From: "Khatri, Sunil" <sukhatri@amd.com>
To: "Christian König" <ckoenig.leichtzumerken@gmail.com>,
alexander.deucher@amd.com, Prike.Liang@amd.com,
amd-gfx@lists.freedesktop.org
Cc: christian.koenig@amd.com
Subject: Re: [PATCH 08/11] drm/amdgpu: rework userq reset work handling
Date: Thu, 23 Apr 2026 16:13:30 +0530 [thread overview]
Message-ID: <99fbb7b9-bdd4-4c97-b089-5f6a3bb7a6c8@amd.com> (raw)
In-Reply-To: <20260421125513.4545-8-christian.koenig@amd.com>
[-- Attachment #1: Type: text/plain, Size: 9526 bytes --]

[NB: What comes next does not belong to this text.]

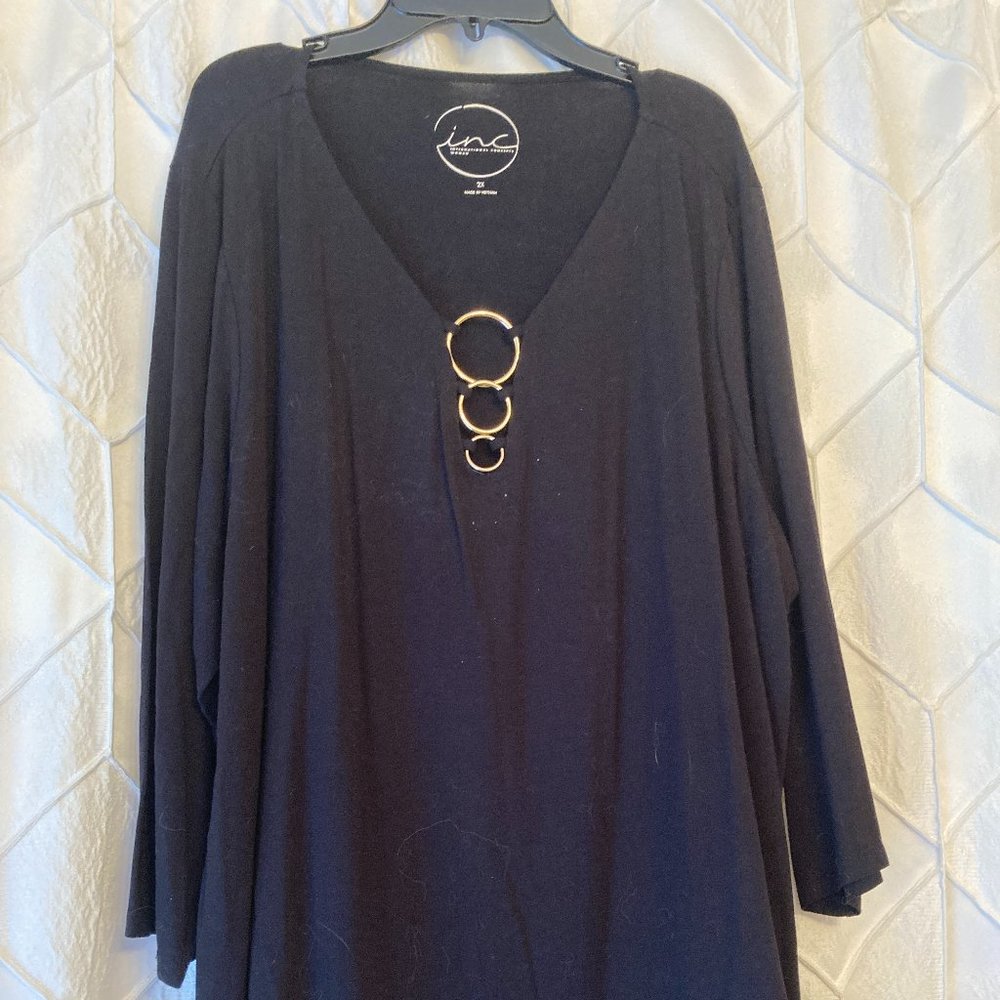 Black top with vee neck and gold ring detailing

On 21-04-2026 06:25 pm, Christian König wrote:
> It is illegal to schedule reset work from another reset work!
>
> Fix this by scheduling the userq reset work directly on the work queue
> of the reset domain.
>
> Not fully tested, I leave that to the IGT test cases.
>
> Signed-off-by: Christian König<christian.koenig@amd.com>
> ---
> drivers/gpu/drm/amd/amdgpu/amdgpu.h | 1 -
> drivers/gpu/drm/amd/amdgpu/amdgpu_device.c | 3 +-
> drivers/gpu/drm/amd/amdgpu/amdgpu_userq.c | 84 +++++++++++-----------
> drivers/gpu/drm/amd/amdgpu/amdgpu_userq.h | 16 ++++-
> 4 files changed, 60 insertions(+), 44 deletions(-)
>
> diff --git a/drivers/gpu/drm/amd/amdgpu/amdgpu.h b/drivers/gpu/drm/amd/amdgpu/amdgpu.h
> index 39894e38fee4..17341e384caf 100644
> --- a/drivers/gpu/drm/amd/amdgpu/amdgpu.h
> +++ b/drivers/gpu/drm/amd/amdgpu/amdgpu.h
> @@ -1191,7 +1191,6 @@ struct amdgpu_device {
> bool apu_prefer_gtt;
>
> bool userq_halt_for_enforce_isolation;
> - struct work_struct userq_reset_work;
> struct amdgpu_uid *uid_info;
>
> struct amdgpu_uma_carveout_info uma_info;
> diff --git a/drivers/gpu/drm/amd/amdgpu/amdgpu_device.c b/drivers/gpu/drm/amd/amdgpu/amdgpu_device.c
> index b11c4b5fa8fc..cf61be17e061 100644
> --- a/drivers/gpu/drm/amd/amdgpu/amdgpu_device.c
> +++ b/drivers/gpu/drm/amd/amdgpu/amdgpu_device.c
> @@ -3786,7 +3786,6 @@ int amdgpu_device_init(struct amdgpu_device *adev,
> }
>
> INIT_WORK(&adev->xgmi_reset_work, amdgpu_device_xgmi_reset_func);
> - INIT_WORK(&adev->userq_reset_work, amdgpu_userq_reset_work);
>
> amdgpu_coredump_init(adev);
>
> @@ -5477,7 +5476,7 @@ static inline void amdgpu_device_stop_pending_resets(struct amdgpu_device *adev)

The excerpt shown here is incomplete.